* WHAT TO WORK ON *
The response should contain all of the data below, reproduced exactly, and no pictures.

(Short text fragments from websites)
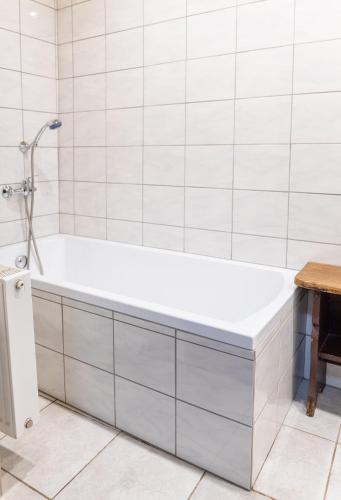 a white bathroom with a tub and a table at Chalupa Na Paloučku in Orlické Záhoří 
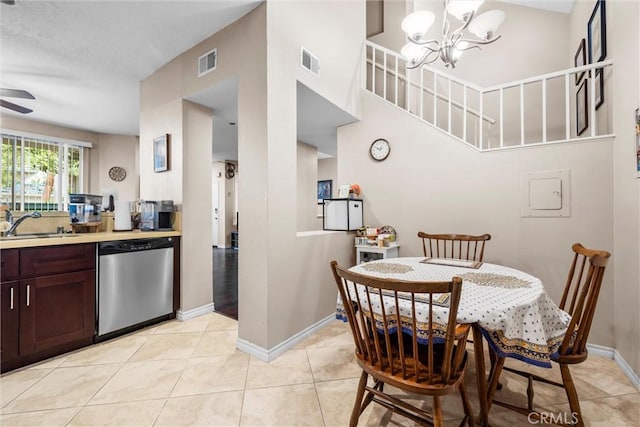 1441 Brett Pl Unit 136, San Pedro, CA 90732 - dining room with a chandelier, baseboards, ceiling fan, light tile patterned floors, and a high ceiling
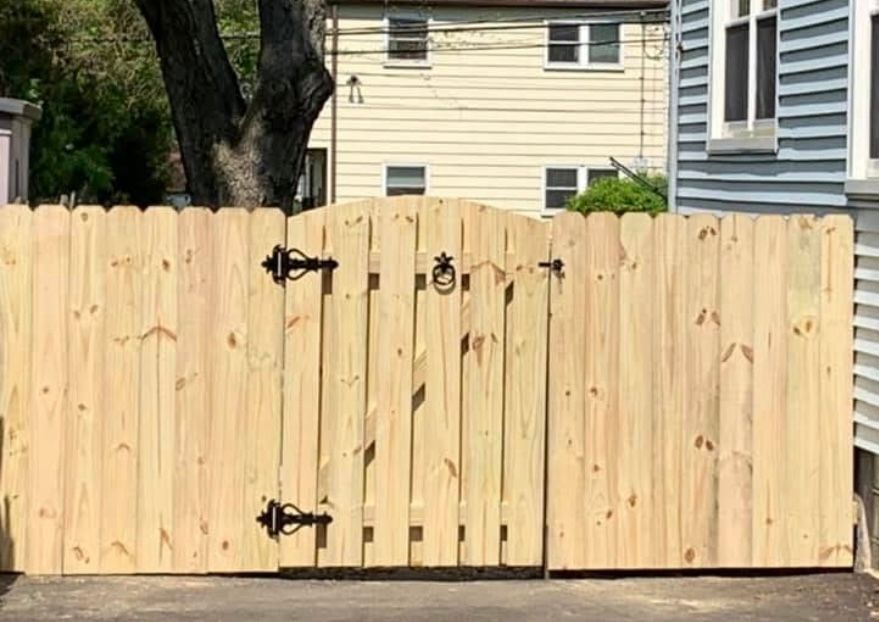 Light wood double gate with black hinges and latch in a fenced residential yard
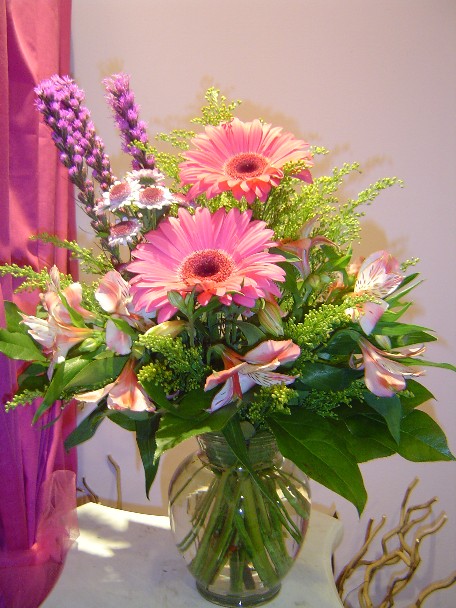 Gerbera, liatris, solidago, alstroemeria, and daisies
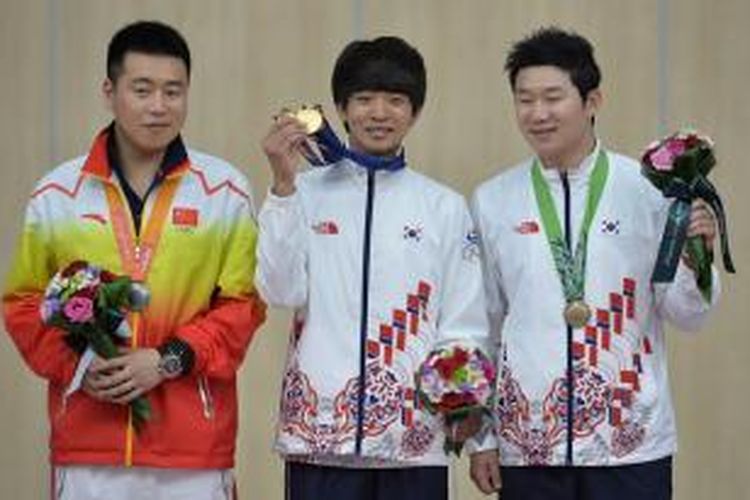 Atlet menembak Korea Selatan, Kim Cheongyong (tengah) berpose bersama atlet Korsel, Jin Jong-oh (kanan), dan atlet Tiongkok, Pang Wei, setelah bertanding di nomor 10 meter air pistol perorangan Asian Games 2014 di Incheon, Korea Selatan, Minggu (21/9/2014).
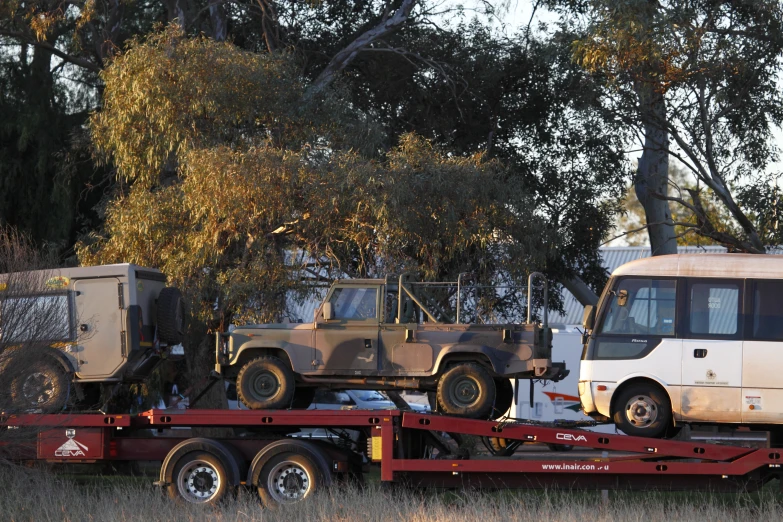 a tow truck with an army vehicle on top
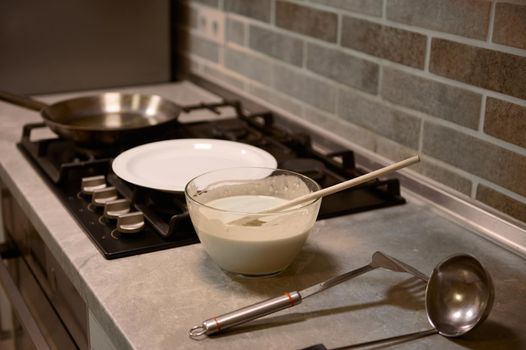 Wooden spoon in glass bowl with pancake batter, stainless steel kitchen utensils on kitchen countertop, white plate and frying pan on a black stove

* OUTPUT BELOW *
 a white bathroom with a tub and a table at Chalupa Na Paloučku in Orlické Záhoří 
 1441 Brett Pl Unit 136, San Pedro, CA 90732 - dining room with a chandelier, baseboards, ceiling fan, light tile patterned floors, and a high ceiling
 Light wood double gate with black hinges and latch in a fenced residential yard
 Gerbera, liatris, solidago, alstroemeria, and daisies
 Atlet menembak Korea Selatan, Kim Cheongyong (tengah) berpose bersama atlet Korsel, Jin Jong-oh (kanan), dan atlet Tiongkok, Pang Wei, setelah bertanding di nomor 10 meter air pistol perorangan Asian Games 2014 di Incheon, Korea Selatan, Minggu (21/9/2014).
 a tow truck with an army vehicle on top
 Wooden spoon in glass bowl with pancake batter, stainless steel kitchen utensils on kitchen countertop, white plate and frying pan on a black stove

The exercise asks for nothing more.